> _EXERCISE DESCRIPTION_
Among the entries below, extract exactly the lines that run from the one with "استودیوی استاندارد با" through the one with "Pfeilerreste des römischen", both ends included.

> _DATA_
↓↓↓

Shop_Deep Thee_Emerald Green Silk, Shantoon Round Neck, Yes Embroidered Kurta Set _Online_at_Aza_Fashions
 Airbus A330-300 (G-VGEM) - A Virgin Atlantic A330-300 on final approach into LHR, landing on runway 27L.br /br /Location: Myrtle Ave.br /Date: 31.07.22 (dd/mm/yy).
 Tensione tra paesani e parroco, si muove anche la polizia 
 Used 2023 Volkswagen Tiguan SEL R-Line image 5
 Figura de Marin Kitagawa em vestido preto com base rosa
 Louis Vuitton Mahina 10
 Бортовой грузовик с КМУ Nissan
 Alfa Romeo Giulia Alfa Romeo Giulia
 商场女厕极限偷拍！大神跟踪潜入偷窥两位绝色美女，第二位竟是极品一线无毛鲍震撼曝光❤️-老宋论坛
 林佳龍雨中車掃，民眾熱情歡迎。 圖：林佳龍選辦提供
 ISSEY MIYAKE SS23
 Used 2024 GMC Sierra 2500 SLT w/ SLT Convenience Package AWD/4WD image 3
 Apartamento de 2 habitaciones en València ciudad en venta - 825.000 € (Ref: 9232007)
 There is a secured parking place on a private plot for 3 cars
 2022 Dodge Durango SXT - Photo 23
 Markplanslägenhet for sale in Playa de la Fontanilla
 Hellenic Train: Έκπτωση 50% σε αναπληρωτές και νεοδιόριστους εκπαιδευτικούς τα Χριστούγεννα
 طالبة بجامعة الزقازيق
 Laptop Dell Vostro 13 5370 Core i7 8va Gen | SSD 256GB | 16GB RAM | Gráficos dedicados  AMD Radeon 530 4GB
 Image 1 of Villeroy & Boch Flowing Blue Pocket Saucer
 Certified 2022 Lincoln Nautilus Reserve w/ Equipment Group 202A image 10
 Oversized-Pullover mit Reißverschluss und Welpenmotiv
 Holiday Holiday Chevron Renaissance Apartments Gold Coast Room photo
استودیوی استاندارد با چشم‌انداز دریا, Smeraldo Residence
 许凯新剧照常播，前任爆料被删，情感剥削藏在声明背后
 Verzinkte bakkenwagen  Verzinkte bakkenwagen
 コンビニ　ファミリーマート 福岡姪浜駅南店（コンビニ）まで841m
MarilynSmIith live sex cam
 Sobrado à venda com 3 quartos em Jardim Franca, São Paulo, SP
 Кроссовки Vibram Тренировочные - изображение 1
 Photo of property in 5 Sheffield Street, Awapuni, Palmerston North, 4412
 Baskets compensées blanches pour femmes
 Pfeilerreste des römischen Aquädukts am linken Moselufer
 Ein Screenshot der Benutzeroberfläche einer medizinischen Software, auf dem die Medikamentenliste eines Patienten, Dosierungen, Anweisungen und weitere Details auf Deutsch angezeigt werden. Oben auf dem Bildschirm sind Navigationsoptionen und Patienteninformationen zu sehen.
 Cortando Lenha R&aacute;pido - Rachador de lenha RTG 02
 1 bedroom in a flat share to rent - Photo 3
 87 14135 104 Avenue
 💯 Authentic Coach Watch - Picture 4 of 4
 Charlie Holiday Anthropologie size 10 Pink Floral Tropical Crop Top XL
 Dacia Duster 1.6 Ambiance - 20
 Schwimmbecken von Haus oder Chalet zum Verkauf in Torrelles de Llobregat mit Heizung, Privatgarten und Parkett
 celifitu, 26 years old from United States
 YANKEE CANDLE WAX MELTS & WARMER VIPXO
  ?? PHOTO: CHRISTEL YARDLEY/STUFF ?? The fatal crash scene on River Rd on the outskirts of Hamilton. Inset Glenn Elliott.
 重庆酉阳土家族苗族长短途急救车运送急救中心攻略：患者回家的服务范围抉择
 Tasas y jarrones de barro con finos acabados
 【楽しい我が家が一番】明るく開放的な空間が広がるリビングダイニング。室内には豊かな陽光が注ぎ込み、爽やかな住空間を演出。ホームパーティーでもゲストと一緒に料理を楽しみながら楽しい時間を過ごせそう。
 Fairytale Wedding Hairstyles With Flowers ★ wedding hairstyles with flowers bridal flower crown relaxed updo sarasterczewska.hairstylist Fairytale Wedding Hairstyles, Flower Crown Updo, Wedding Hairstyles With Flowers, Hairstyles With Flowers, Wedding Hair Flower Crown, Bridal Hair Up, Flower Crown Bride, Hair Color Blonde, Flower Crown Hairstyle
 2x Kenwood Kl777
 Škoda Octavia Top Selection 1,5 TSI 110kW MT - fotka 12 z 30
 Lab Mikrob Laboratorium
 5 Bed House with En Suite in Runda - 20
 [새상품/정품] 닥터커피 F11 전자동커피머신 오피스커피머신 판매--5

↑↑↑

> _ANSWER TO THE PROBLEM_
استودیوی استاندارد با چشم‌انداز دریا, Smeraldo Residence
 许凯新剧照常播，前任爆料被删，情感剥削藏在声明背后
 Verzinkte bakkenwagen  Verzinkte bakkenwagen
 コンビニ　ファミリーマート 福岡姪浜駅南店（コンビニ）まで841m
MarilynSmIith live sex cam
 Sobrado à venda com 3 quartos em Jardim Franca, São Paulo, SP
 Кроссовки Vibram Тренировочные - изображение 1
 Photo of property in 5 Sheffield Street, Awapuni, Palmerston North, 4412
 Baskets compensées blanches pour femmes
 Pfeilerreste des römischen Aquädukts am linken Moselufer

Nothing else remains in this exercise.